Problem 39 from the penguin book of puzzles.

A man named Jones set out to walk from A to B, and on the road he met his friend Kenward, ten miles from A, who had left B at exactly the same time. Jones executed his commission at B and, without delay, set out on his return journey, while Kenward as promptly returned from A to B . They met twelve miles from B. Of course, each walked at a uniform rate throughout.
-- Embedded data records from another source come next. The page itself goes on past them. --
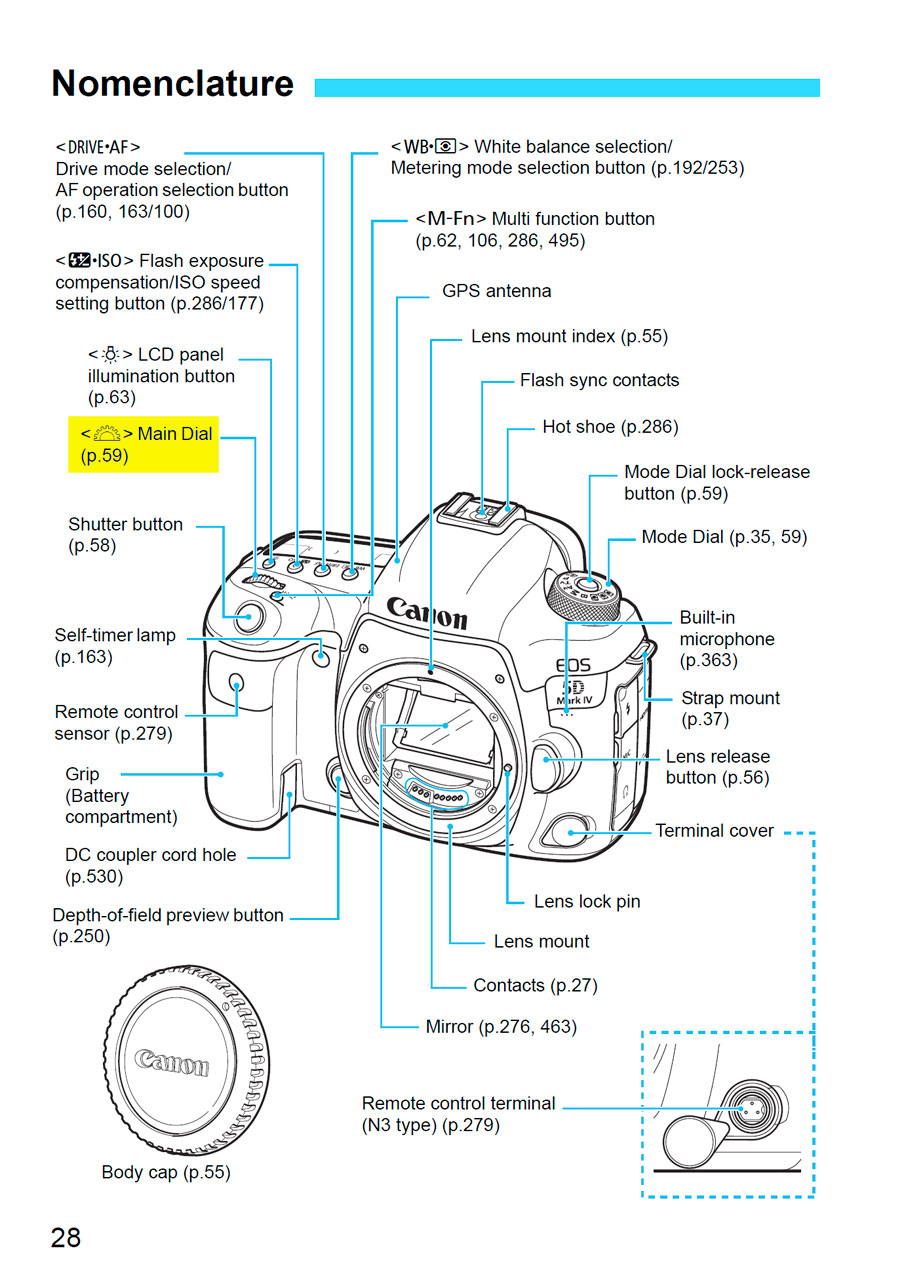 5d Mark Iv Aeb Issue When In Manual Mode Canon Community 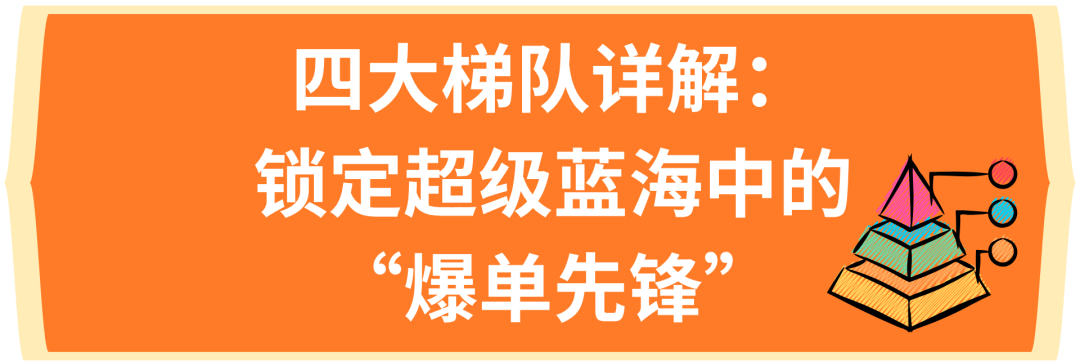 韩国人的一日三餐，藏着跨境生意的“全年确定增长力”！酷澎火箭增长厨房用品选品指南（下）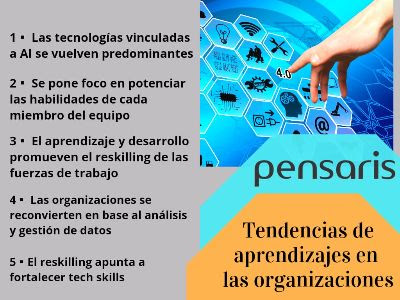 aprendizaje en organizaciones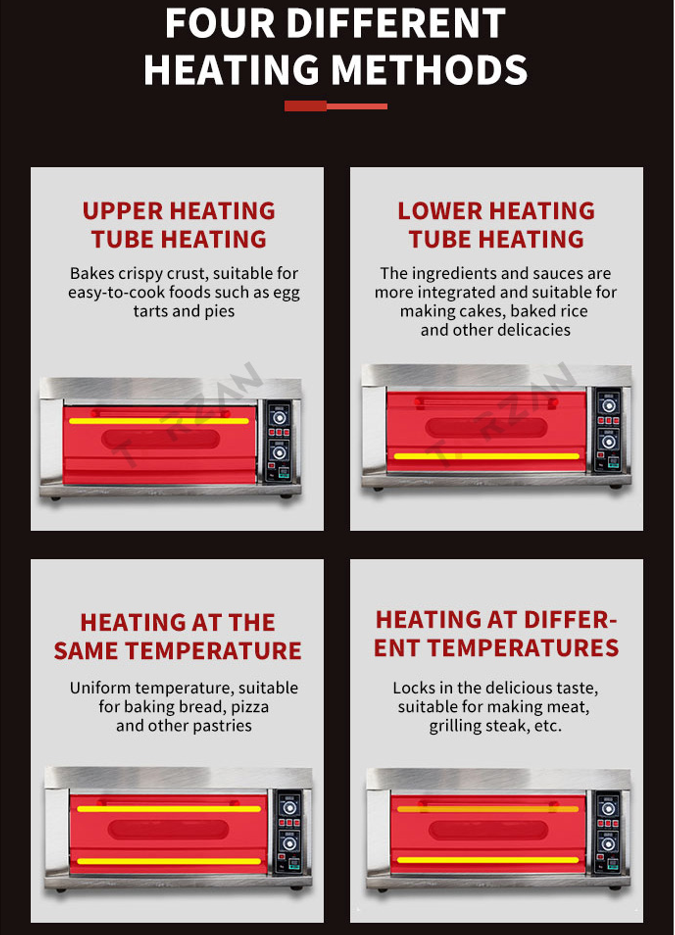 Diagram illustrating four heating methods including independent top and bottom temperature regulation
Now, how far is A from B?

Something similar yet different from the previous problem, this time you’re only told the distances.


A distance-time graph would make it easier to visualize the the problem.

Let $d$ be the distance between A and B. The crux is to notice that When they met the second time, they have collectively covered $3d$. Similarly, the first time they met, they have collectively covered distance $d$. This means if they met at time t the first time, they will meet at time 3t the second time.

If we focus on Jones, and let his speed be $s$ and form equations based on the distance travelled, then $ 10/t = d + 18 / (3t) $. We then get $ d = 3 * 10 - 12 = 18 $


What’s interesting here is t doesn’t really matter. Indeed in our distance-time graph, we could have chosen any units we want. In order words, we could just normalize the time, or the speed. If we normalize time, such that $t = 1$, then $s = 10$, we’ll still have to make use of the fact that they meet the second time at $t = 3$, and Jones would have travelled 30 miles. From the diagram, we know that’s $d + 12 \rightarrow d = 18$.

Another interesting point is when they meet the second time, both will collectively travelled $3d$, so the distance between the two cities are always $3 * (\text{first distance}) - (\text{second distance})$!